Unlocking the skin’s natural healing power for regenerative medicine

Our skin protects us from everyday mechanical attacks, such as friction, cuts and impacts. A key element of this function, which provides a shield against the outside world, is the skin’s incredible ability to regenerate and heal. But where does this healing ability begin?

In a new study published in Natural communicationsAn interdisciplinary team led by the laboratories of Kaelyn Sumigray, Ph.D., and Stefania Nicoli, Ph.D., discovered that during the early stages of embryonic development, skin stem cells help form a protective skin layer that speeds healing as the embryo grows.

Their findings reveal one of the first steps in how skin stem cells learn to repair tissue – knowledge that could help design improved skin grafts for transplantation.

“We were curious about how to make skin more resistant to injury,” says Nicoli, associate professor of medicine (cardiology) and genetics at YSM and co-senior author of the study. “We discovered a mechanism that makes our skin harder, which is exciting in the sense that it is a global concept that could apply to our entire adult body.”

The researchers examined the development of zebrafish embryos, whose skin organization is similar to that of human embryos. Specifically, they analyzed the thin, transparent layer of cells that lines the folds of zebrafish fins in the embryo, structures that transform into fins during development in a process similar to limb development in mammals.

Since basal epidermal stem cells (BECs) located in the fin fold provide a stronger, more resilient region of skin as the fin begins to form, researchers have defined the mechanism of such resilience.

Resilience of embryonic zebrafish skin depends on two proteins

The researchers found that in specific regions and patterns along the fin fold, BECs expressed two proteins – collagen and laminin – that contribute to the extracellular matrix, a non-cellular network of proteins and carbohydrates that surrounds and supports cells in tissues and organs.

BECs that promote laminin reduce the formation of desmosomes (protein complexes that anchor cells together), thereby weakening cell-to-cell adhesion and allowing greater mobility during tissue damage. In contrast, collagen-promoting BECs increase desmosomes, thereby strengthening specialized junctions that ultimately hinder skin repair.

The two pathways work together to give the embryo both the space to develop a fin and then the ability to heal quickly, the researchers found.

“Stem cells have a mechanical logic to build a protective layer,” explains Nicoli. “This is the first evidence of this function, which makes us rethink the properties of stem cells.”

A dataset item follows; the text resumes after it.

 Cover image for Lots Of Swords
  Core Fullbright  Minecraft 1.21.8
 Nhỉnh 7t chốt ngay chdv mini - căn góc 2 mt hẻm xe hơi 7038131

Like zebrafish, the skin of the human fetus is organized into two layers: an outer protective layer called the periderm and an underlying layer of stem cells that separates the periderm from the extracellular matrix.

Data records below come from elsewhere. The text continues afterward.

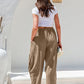 Wide Leg Lounge Pants
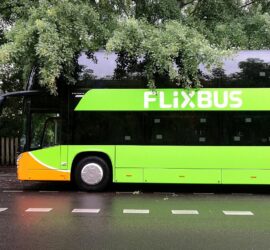 Flixbus (Archiv)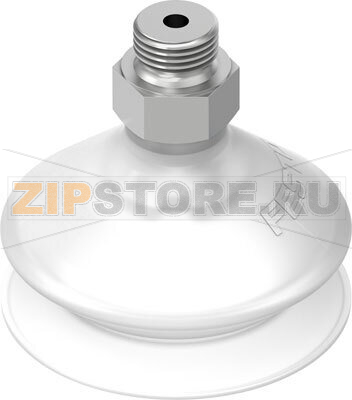 Присоска вакуумная Festo VASB-55-1/4-SI-B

Sumigray, Nicoli and their colleagues compared their findings on the embryonic zebrafish fin fold to a bilayer model of human epidermis. Their modeling revealed that collagen and laminin matrices similarly influence human skin cells. Specifically, they found that laminin inhibited proteins responsible for the formation of desmosomal junctions.

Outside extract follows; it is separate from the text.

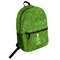 Kiss Me I'm Irish Student Backpack (Personalized)
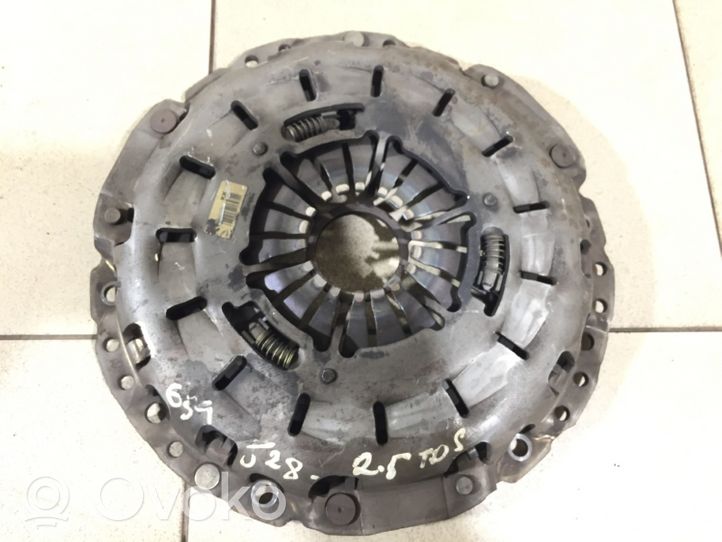 BMW 5 E39 Pressure plate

This study supports ongoing research into intra-tissue communication and offers a new approach to strengthening cellular connections within the body’s protective tissues. The findings could open a new avenue for developing methods of skin healing through tissue engineering and regenerative medicines, including organ repair and skin grafts.

“This has broad implications,” says Nicoli. “Although stem cells are present throughout the adult body, they generally remain dormant. It would be exciting if we could one day guide stem cells to create personalized mechanical shields that protect the tissues in which they reside.”